I didn’t really start to listen to Bowie until the end of what I consider his brilliant phase. If that doesn’t really make sense, let me explain. I grew up in England in the 1970s. Bowie was all over the radio – the singles. For me though, he always lurked in the background. Punk was my formative musical style, and Bowie always had a curious relationship to punk. He was never rejected in the way many of the “old guard” were, but he was never quite a part of it either. And then there were those remarks about Hitler being the first superstar which along with Eric Clapton’s ravings led to the Anti-Nazi League and Rock against Racism. So, he wasn’t the top of my list.
No, it wasn’t until I moved to Canada that I started to take note of Bowie in a serious way. A friend was heavily into Bowie and Dylan and that pulled me into that orbit as well. My favourite records? Ziggy Stardust, Hunky Dory and Heroes.
It’s often been fashionable to call Bowie a chameleon, someone who was always reinventing himself. There’s some truth in that. Bowie seldom sat still, and while some performers would have been content to rest on their laurels and churn out more of the same, Bowie kept moving,. Looking for new thins.
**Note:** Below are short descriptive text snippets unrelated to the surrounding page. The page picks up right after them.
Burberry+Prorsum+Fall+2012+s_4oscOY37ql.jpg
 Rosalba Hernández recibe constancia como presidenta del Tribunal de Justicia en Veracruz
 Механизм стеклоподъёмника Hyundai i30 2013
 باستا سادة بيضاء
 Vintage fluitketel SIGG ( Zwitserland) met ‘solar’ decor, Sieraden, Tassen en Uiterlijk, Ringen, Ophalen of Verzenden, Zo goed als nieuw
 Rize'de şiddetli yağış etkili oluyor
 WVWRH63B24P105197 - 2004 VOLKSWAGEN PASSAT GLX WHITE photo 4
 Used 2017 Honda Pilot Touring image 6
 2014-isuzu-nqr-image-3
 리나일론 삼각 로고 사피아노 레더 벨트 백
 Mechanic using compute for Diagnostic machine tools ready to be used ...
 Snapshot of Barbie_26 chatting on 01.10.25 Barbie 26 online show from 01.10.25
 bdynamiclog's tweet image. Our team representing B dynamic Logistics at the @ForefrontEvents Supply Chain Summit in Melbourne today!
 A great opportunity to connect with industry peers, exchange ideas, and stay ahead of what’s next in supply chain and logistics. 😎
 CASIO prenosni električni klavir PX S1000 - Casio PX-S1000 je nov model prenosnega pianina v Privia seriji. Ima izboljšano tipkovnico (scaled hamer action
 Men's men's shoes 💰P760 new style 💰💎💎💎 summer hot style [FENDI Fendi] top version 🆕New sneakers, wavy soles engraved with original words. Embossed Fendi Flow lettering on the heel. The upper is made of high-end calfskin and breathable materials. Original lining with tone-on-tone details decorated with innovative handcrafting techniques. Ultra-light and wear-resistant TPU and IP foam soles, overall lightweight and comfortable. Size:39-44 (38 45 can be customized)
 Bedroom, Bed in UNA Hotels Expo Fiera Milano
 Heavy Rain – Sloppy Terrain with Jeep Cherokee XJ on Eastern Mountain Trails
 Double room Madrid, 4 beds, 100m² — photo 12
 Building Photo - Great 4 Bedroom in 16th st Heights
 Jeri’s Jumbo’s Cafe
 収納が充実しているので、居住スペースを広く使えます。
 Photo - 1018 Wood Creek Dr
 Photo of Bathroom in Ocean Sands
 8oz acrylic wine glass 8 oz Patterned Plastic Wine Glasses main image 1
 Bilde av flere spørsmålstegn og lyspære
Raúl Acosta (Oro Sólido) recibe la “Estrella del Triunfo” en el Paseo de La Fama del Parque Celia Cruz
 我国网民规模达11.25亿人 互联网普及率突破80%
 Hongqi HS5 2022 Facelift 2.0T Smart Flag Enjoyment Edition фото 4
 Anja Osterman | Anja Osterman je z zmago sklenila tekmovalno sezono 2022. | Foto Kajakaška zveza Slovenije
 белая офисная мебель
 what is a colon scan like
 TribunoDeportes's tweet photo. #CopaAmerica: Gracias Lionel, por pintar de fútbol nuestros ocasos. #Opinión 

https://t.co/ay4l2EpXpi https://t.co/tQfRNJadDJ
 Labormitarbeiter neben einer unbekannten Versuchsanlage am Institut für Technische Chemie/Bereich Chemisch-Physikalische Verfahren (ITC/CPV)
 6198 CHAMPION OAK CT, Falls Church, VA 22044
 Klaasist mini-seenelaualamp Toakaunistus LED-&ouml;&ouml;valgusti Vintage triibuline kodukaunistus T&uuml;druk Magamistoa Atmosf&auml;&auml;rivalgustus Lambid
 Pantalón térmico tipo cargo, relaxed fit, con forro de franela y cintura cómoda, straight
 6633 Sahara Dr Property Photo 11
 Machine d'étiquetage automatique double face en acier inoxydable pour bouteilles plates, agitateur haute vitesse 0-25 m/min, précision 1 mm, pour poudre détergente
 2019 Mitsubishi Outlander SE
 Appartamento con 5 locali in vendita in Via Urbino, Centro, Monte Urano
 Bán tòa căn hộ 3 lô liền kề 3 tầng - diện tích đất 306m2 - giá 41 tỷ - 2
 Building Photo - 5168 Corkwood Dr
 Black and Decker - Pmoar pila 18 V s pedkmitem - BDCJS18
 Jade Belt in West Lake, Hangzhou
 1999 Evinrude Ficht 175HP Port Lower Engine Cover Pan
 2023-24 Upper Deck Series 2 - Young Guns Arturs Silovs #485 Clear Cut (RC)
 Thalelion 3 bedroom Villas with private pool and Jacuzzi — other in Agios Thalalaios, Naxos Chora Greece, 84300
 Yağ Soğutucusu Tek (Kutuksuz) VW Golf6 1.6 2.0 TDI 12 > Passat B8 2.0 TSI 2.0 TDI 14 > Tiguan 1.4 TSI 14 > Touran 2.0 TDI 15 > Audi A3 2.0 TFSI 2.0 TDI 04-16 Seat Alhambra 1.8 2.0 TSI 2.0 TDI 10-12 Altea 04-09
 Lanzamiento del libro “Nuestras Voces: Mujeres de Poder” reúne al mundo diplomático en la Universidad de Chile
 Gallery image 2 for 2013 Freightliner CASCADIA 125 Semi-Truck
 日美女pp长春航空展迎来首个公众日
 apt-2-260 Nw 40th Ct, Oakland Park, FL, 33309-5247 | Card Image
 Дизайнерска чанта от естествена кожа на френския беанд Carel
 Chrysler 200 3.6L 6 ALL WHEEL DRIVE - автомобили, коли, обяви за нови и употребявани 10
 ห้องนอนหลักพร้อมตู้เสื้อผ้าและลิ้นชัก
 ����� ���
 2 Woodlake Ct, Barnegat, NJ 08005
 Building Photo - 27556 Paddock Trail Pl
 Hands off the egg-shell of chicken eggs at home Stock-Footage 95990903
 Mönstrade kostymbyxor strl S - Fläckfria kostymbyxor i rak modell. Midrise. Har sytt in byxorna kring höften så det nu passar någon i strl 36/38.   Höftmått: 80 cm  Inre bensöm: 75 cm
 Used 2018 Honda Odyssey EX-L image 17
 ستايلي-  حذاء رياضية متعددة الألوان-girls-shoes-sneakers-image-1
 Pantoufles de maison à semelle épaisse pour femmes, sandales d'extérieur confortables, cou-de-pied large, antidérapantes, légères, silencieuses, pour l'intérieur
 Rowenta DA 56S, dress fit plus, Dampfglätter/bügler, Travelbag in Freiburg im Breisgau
It’s didn’t always work. His eighties work after Let’s Dance (which isn’t one of my favourites though it has its moments) went seriously off of the rails. But you have to admire the effort. And while the debate will rage on as to whether Bowie was helping or exploiting other musicians, there’s no denying that Lou Reed, Iggy Pop and Mot the Hoople all benefited from working with him.
It was a shock to hear the news last week. When Lemmy died it was also a shock because we all thought he would live forever; yet, at the same time, we were all amazed he lasted so long. Bowie was a total surprise. I haven’t listened to Blackstar yet. I will. I don’t know if I’ll like it, but I have no doubt I’ll respect it. And that’s a good thing.